To my mind, I see security meaning so many different things to different people (mostly politicians twisting it against the public) and those definitions are different enough that I couldn't reconcile them if I tried, so I don't bother. I just focus on my work. As long as the kernel is 1) reliable and 2) general enough to be used effectively by other projects that think they can define security more universally, the kernel is doing it's job well.
Maybe I'm just naive, but I don't really understood the security narrative of containers or kernel namespacing. If you have a zero-day for a VM, you still have to deal with the supervisor OS even if you can get out of the VM but it's not clear to me that that's the case with kernel-side isolation.
Am I missing something? I suppose you could implement a sub-kernel within the kernel, but then what's the point of using a container vs a VM?
Yes containers are much lighter weight than a VM, but for most people's workloads (read: anyone not running giant Map Reduce jobs) does it really matter?
Maybe security is not something you can just solve so easily, even for a kernel developer, it requires a lot of efforts in many many areas.

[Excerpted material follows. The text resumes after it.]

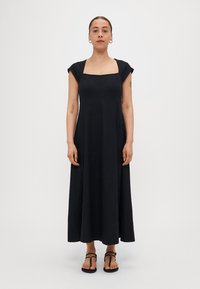 Čierne ľanové maxi šaty so štvorcovým výstrihom, krátkymi rukávmi a vzdušným strihom. Outfit dopĺňajú jednoduché čierne žabky.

I don't think it's his job, and I don't think he could have a big effect on linux security. It's up to people writing software that use the kernel to have good security practices.

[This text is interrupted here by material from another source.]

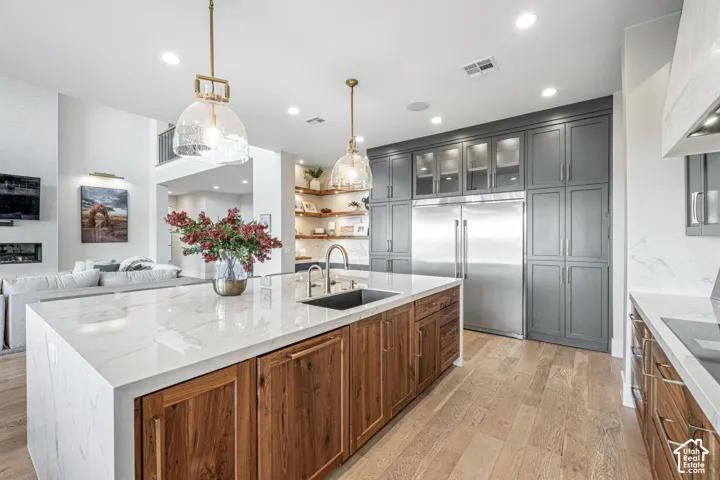 Kitchen featuring a stone-surface waterfall island with a stainless steel undermount sink, custom wood-finish cabinetry, floor-to-ceiling charcoal cabinetry, stainless steel refrigerator, and recessed lighting
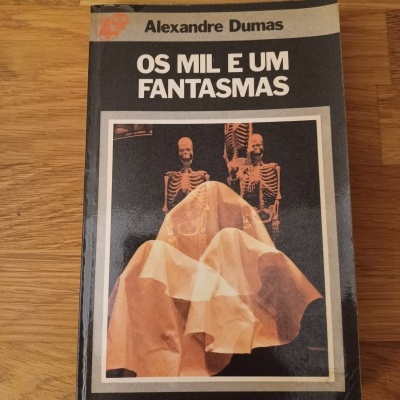Livro 'OS MIL E UM FANTASMAS' de Alexandre Dumas com capa que mostra esqueletos e tecido sobre fundo preto.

We are in the mess we are today because everybody think "I don't think it's my job".
I have seen programmers much technically stronger and experienced than I am, and more passionate that I am, turning into idiots when talking security. It is as if, because perfect security is unreachable for any practical criteria, they automatically think it's not worth it to think about at all.

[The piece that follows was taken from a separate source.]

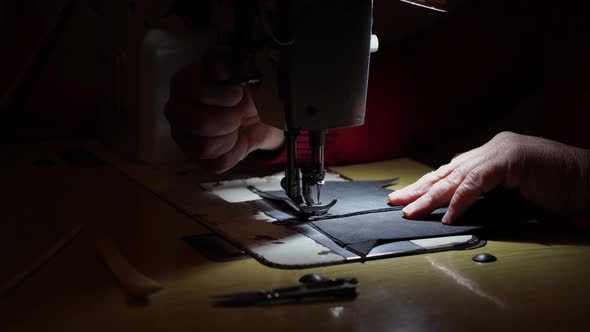 Sewing Machine and Men's Hands of a Tailor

And it's really creepy to see someone in the league of Torvalds to express any feelings along those lines.
> We are in the mess we are today because everybody think "I don't think it's my job".
You're right, but we're in this mess because there isn't clear knowledge about security nor there is education teaching security on a software engineering side. There aren't simple standards and practices. Hacking a machine is not taught and you won't find tutorials for it, maybe because it's just plain outlawed.
Security is boring, and it's not rewarded. There is no insurance market for software security. If you compare it with real life security, there aren't that many people thinking about scenarios other than police forces, the FBI, insurances, and architects of buildings.
My opinion is that it's a very sensitive sector because government will always try to have the monopoly on security for obvious reasons. Linus is one guy, he doesn't have time to care. All he can do is have a sound kernel design, and that might be much enough. Maybe he can't deal with security like the NetBSD guys do.
I really think security has many, many aspects, and you can't blame one software part for it. Security is all about mitigation, which will always resides on the user and the project engineers.
IMO it's scary to hear Linus say that "security is just stupid bugs" and that he doesn't think about containers much (container/namespace security and functionality is a big and quickly emerging part of the kernel security landscape). Call it a lack of vision or whatever, but I think he should be doing more to architect for security and to recruit, place and reward talented people into security lead positions in the kernel community.